The goal of the subfield of Artificial Intelligence is to build software systems that behave "intelligently". By this, we mean that the computer systems "do the right thing" in complex environments--that they act optimally given the limited information and computational resources available. This course provides an introduction to artificial intelligence with an emphasis on the programming techniques and skills needed to develop high-performance AI systems.

The course will focus on the design of intelligent agents. An intelligent agent is a software system that can interact with an external environment by perceiving that environment and taking actions to change the environment.

TEXTS (required):
Stuart Russell & Peter Norvig, Artificial Intelligence: A Modern Approach, Prentice Hall, 1995, and on-line handouts
Eric Chown, 207 Adams Hall
Email address:
Web address:
Office Hours: M,2:30-3:50, T,TH 2:30-3:30, or by arrangement
Class meeting: MW 1:00-2:25 - Searles 223
Most slides used in the course come from the AIMA website.

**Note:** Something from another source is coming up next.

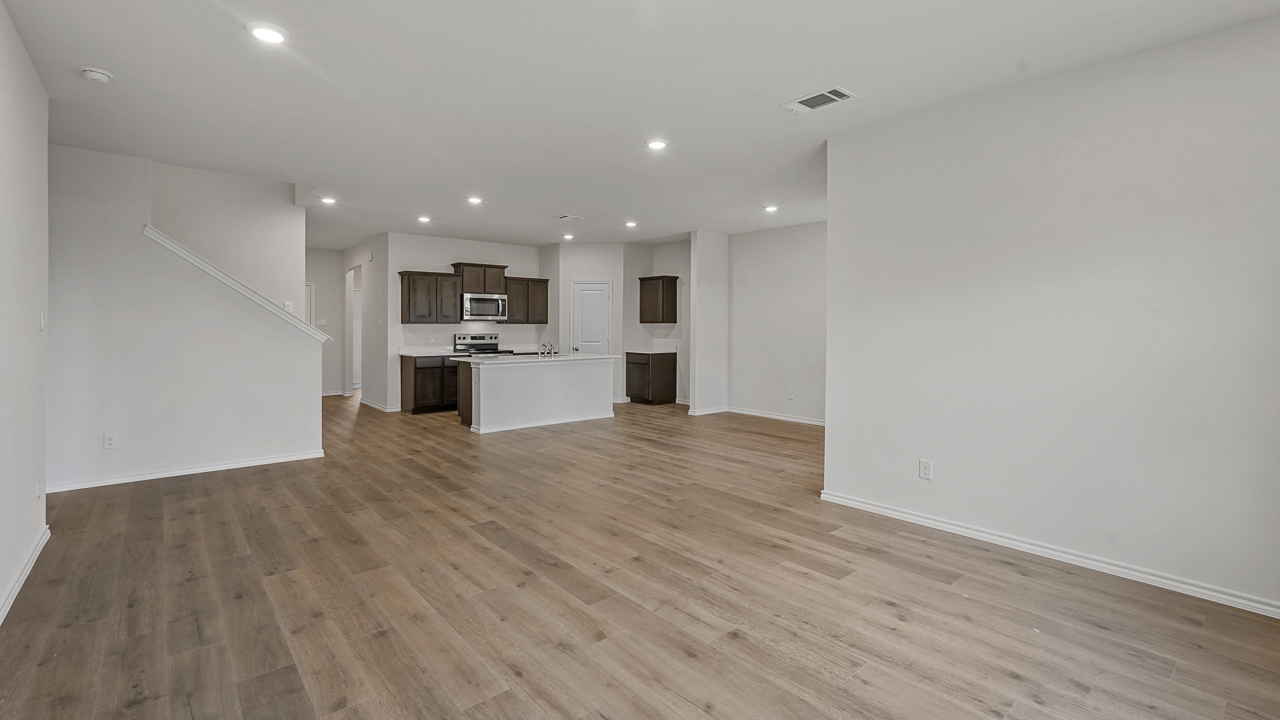 living room with hardwood flooring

Week of Topics Readings Work Due
Sep 4 Introduction, Intelligent Agents Chapter 1, 2
Sep 11 Problem Spaces and Search Chapter 3 Program 1 Soln
Sep 18 Informed Search Chapter 4
Sep 25 Game Theory and Search Chapter 5 Alpha-Beta example
Oct 2 Reinforcement Learning Chapter 20 Program 2
Oct 9 Knowledge Representation Chapter 6 How to write papers
Oct 16 First Order Logic Chapter 7 Program 3
Oct 23 Knowledge Representation and Logic - Continued Chapter 7 Exam 1
Nov 1 Knowledge and Logic Chapters 7, 9
Nov 6 Making Simple Decisions Chapter 16
Nov 13 Learning from Observations Chapter 18 Robots
Nov 20 Neural Networks Chapter 19
Nov 27 Neural Networks (Continued) Chapter 19
Dec 4
(1/2 week)
Current Topics Soccer (in development)
Dec 13 *** final *** Exam 2
The work for this course includes class participation, readings, two tests, several programming assignments, and assorted homeworks.

This is a 300-level computer science course oriented towards programming. It is my expectation that everyone taking the course will be comfortable writing and modifying significant programs. The bulk of the homework for the course will involve working with programs. You cannot pass this course without completing all of the programs. Further, you cannot expect that I will provide help debugging and fixing code. Everytime I (or any other cs faculty) provide help debugging or helping with code you will lose points on that assignment. On the other hand I am more than happy to provide significant conceptual help on any assignment. Think of this like an English class where the professor will give you help with content and structure, but not grammer and spelling.

Assignment lengths will be tailored based upon my expectation of a reasonable amount of work necessary to complete a program. For example, if I give you two weeks to complete a program I would reasonably expect you to spend as much as 20 hours on that program (though your actual time may be significantly less). Again, that period of time is based upon the expectation that you are a competent programmer, if you are not programs may take significantly longer.

Each student is responsible for his/her own work. Collaboration on homework assignments should be limited to answering questions that can be asked and answered without using any written medium (e.g., no pencils, pens, or email). This means that no student should read any code written by another student unless they are in the same group on a group project.

From the Bowdoin catalogue: "Course grades are defined as follows: A, the student has mastered the material of the course and has demonstrated exceptional critical skills and originality." The material of the course consists of homework assignments, class participation and exams. A "master" of this material is a student who successfully completes all of the homework assignments (and notably shows creativity in doing so), is an active and productive participant in classroom discussion (and does not miss class, nor show up late), and shows a thorough understanding of artificial intelligence on the exams.

Any competent computer scientist should be able to pick up your programs and quickly understand them. Your programs should not merely complete the assignment, they must be well documented, cogently written, and robust. My standard for this class will be to assume that you are writing these programs for an AI company and that other people in the company will be using and modifying your code. Writeups should be taken as seriously as a paper for an English or History class.

I take it as a given that you will be in class on time every day. Not achieving this basic level of performance will reduce your grade in the course. Further, good students will actively participate in class discussions.

There will be two exams in the course. Details will be given as they draw near.